Quote the listing below word for word, stopping after the line that contains "Strawberry Zkittlez Auto".

◆ Exercise materials:
· · · · · · ·

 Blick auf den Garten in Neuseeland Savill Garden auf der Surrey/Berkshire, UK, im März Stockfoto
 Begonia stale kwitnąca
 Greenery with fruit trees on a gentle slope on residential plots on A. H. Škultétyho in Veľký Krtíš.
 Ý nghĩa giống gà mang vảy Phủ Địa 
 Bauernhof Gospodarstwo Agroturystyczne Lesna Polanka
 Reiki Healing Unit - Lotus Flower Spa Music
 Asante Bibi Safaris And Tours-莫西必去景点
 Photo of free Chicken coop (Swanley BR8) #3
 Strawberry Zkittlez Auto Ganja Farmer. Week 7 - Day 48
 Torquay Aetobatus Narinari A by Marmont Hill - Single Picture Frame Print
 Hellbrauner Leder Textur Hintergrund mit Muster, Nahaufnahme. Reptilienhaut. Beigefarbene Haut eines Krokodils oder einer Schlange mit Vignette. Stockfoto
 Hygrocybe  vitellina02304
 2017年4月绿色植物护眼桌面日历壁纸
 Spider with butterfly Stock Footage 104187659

· · · · · · ·

◆ Problem solution:
 Blick auf den Garten in Neuseeland Savill Garden auf der Surrey/Berkshire, UK, im März Stockfoto
 Begonia stale kwitnąca
 Greenery with fruit trees on a gentle slope on residential plots on A. H. Škultétyho in Veľký Krtíš.
 Ý nghĩa giống gà mang vảy Phủ Địa 
 Bauernhof Gospodarstwo Agroturystyczne Lesna Polanka
 Reiki Healing Unit - Lotus Flower Spa Music
 Asante Bibi Safaris And Tours-莫西必去景点
 Photo of free Chicken coop (Swanley BR8) #3
 Strawberry Zkittlez Auto Ganja Farmer. Week 7 - Day 48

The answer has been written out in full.